In the case of thermostats, for example, users might not be aware they have an option for better comfort, control and savings. Others are frightened of introducing new technology into the home and some think it’s a luxury they can’t afford, despite price points even for the most cutting-edge technology starting below £100.

However, uptake is now entering the early stages of mass adoption. “Many who don’t consider themselves early adopters may actually be further along the cycle than they realise,” says James Coulson, global consumer marketing director at Honeywell, a leading player in the smart home space. “The smart home is becoming available for everyone.

“Forcing someone to become a tech expert overnight is not what we want, nor is it realistic. Our products are made to cover a wide gamut of ages and abilities. We also see how the uptake gives rise to further adoption. As people become more familiar after taking that first step, they are encouraged to find something more ‘connected’ and explore its potential.”

Smart-home technologies have the potential to transform a person’s lifestyle and home comfort completely

The less tech savvy among the population are often hesitant that smart-home technologies may require a costly installation and further professional support to get the most from them. However, many can approach much of the connected-home space with a DIY mindset and, when help is required, there is a raft of affordable professionals who are readily accessible.

Some of the awareness gap comes from a tendency to view smart-home technologies with a consumer-electronics mindset; users want to pay for it over time and expect immediate gratification.

Some products are integrated into the fabric of home and family life, and a lot more is at stake. “If a smart speaker fails then people are inconvenienced and can’t listen to Ed Sheeran,” says Mr Coulson. “Whereas some other smart-home products are an integral part of our home infrastructure; they keep our families warm and our homes safe, so these need more rigorous thought and development.”

The growing uptake of home assistants, such as Amazon Alexa and Siri, is helping to improve the awareness gap and educate consumers on how future-proofed their investment in connected technology is.
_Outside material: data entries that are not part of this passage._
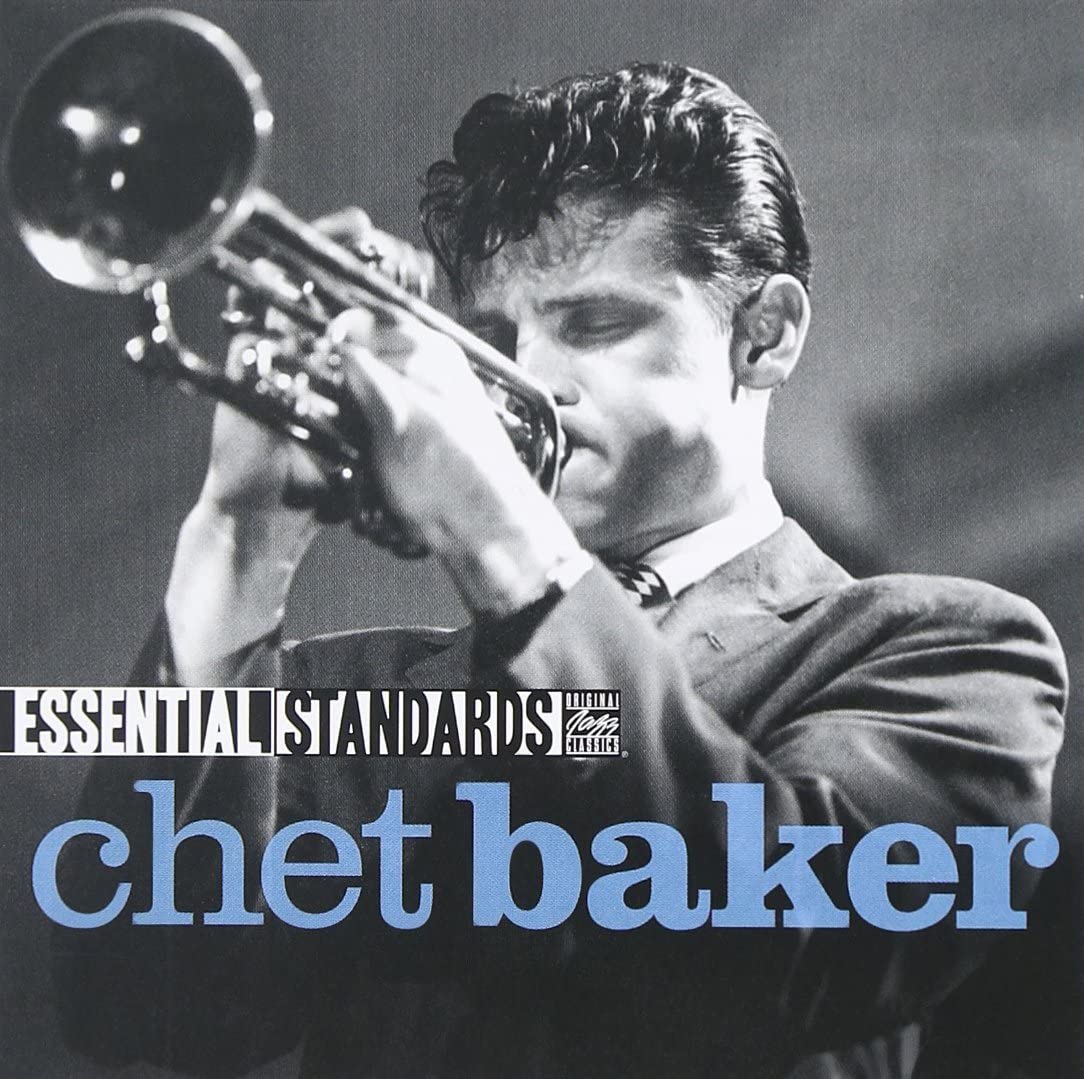 

CD CHET BAKER - Essential Standards US Jazz Used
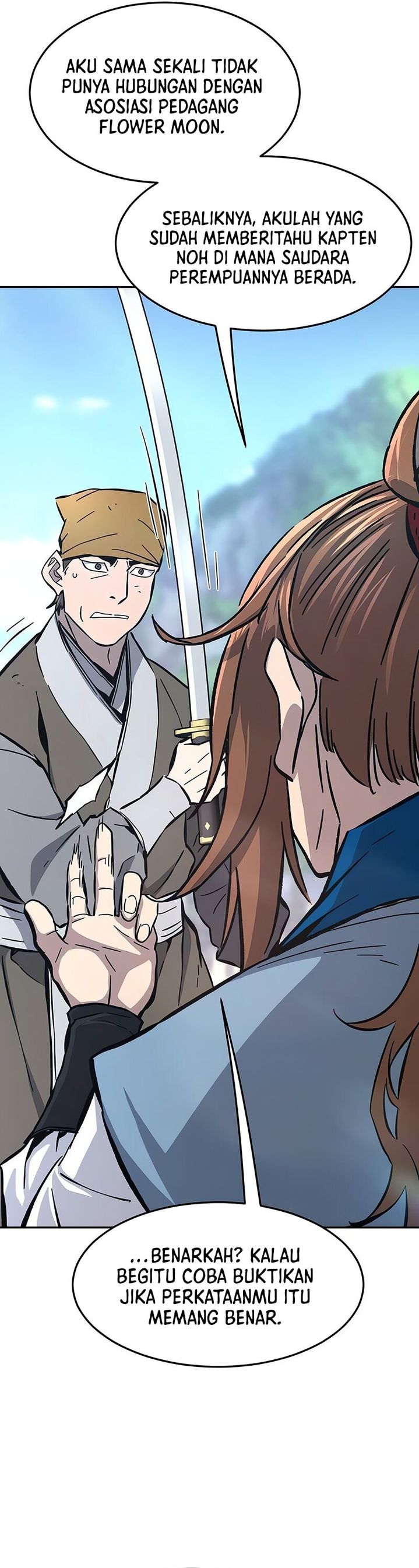 Absolute Sword Sense Chapter 141 Gambar 43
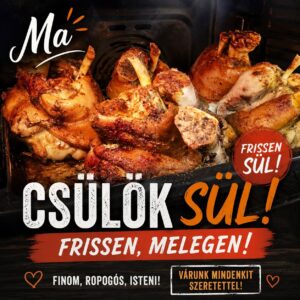 csülök post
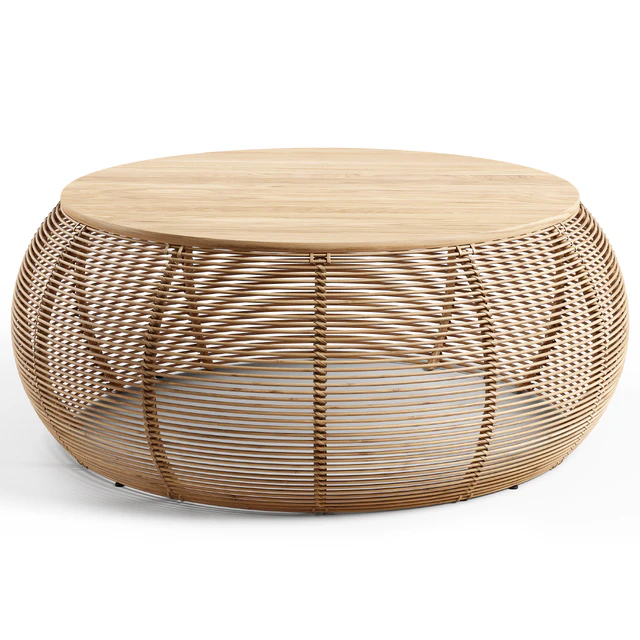 Vincent Sheppard - Ivo side table - natural — Download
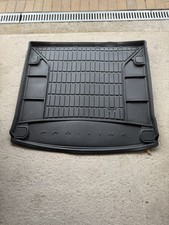 Pro Line Boot Liner for VW Touareg 2018-2023 Fitted TPE Material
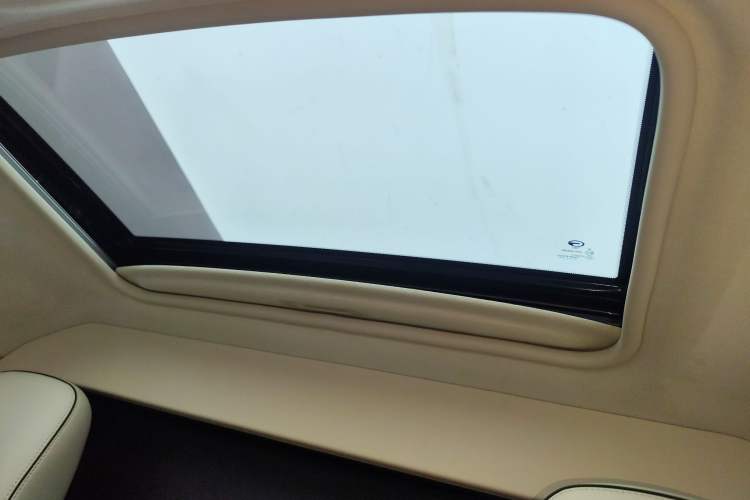 Used GAC Trumpchi M8 2021 Master Series 390T Four-Seat Glory Edition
Connected products operate on a scale of functionality and fulfilling a user’s needs doesn’t necessarily mean utilising a product’s full capabilities.

“We allow quick and fast access to the mainstream functionality,” Mr Coulson adds. “This helps our customers get to grips with using the device and gain confidence. From there we introduce enhancements and encourage our customers to explore further, such as creating an automatic IFTTT (if this then that) recipe to turn off the heating if it’s over 19 degrees outside.”

Smart-home adopters tend to begin with a basic need, such as making efficiency-savings in heating their home, but as they learn about the system they start to explore and play. Having experienced the benefits – be it comfort, energy-savings, peace of mind or convenience – they gain confidence in the advanced capabilities of the smart home and move to expanded solutions that further supplement their lives.

The connected home offers homeowners a range of benefits. Some are immediately obvious, such as saving energy with smarter heating and lighting controls. According to the British Electrotechnical and Allied Manufacturers’ Association (BEAMA), adding heating controls can reduce running costs by 40 per cent.

Others benefits are driven by more preventative measures for when something goes wrong, such as water leak or freeze detection. “Interestingly, a smart thermostat is one that has a quicker payback,” says Mr Coulson. “Honeywell’s ‘smart-zoning’ thermostat has the highest efficiency rating and can save a significant chunk on your heating bill.”

Ultimately, smart-home technologies have the potential to transform a person’s lifestyle and home comfort completely, though users often realise its value from small unforeseen incidents, for example rushing to the airport and realising you’ve left the heating on.

Others will use the technology as a matter of daily routine, such as asking Alexa to turn the lights out when going to bed. “The best integrations are those which are invisible, such as geofencing,” says Mr Coulson. “For example, our security camera will automatically activate when you are away from the home and deactivate when you come back. These interactions are all based on your behaviour and not necessarily your intervention.”

The smart home will continue to improve the functionality and breadth of its capabilities, and offer users a better living experience that gives them more time for the things they love. Soon that mentality will extend beyond comfort and security, and into softer but even more impactful aspects of life, such as health and wellness, and the wider caring for others.

“Indoor air quality, water purity and filtration, and other actions taken to make your home more optimised will come,” says Mr Coulson. “The good news is that the connected-home investments being made now provide a solid foundation for this future. But don’t forget to enjoy them today as well. All you have to do is take that first step.”